§ **Work instructions**
Your copy of the listing must be exact and must hold no images.

§ **Given information**
====================

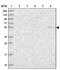 Prosaposin Like 1 (Gene/Pseudogene) antibody, NBP1-90903, Novus Biologicals, Western Blot image 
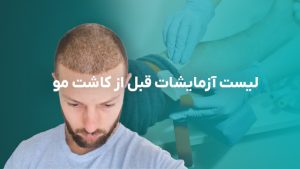 آزمایشات قبل از کاشت مو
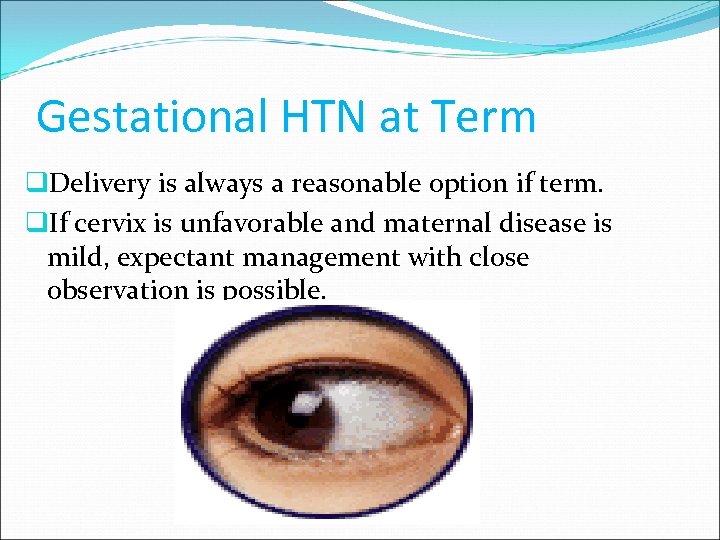 Gestational HTN at Term q. Delivery is always a reasonable option if term. q.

====================

§ **Result for this task**
 Prosaposin Like 1 (Gene/Pseudogene) antibody, NBP1-90903, Novus Biologicals, Western Blot image 
 آزمایشات قبل از کاشت مو
 Gestational HTN at Term q. Delivery is always a reasonable option if term. q.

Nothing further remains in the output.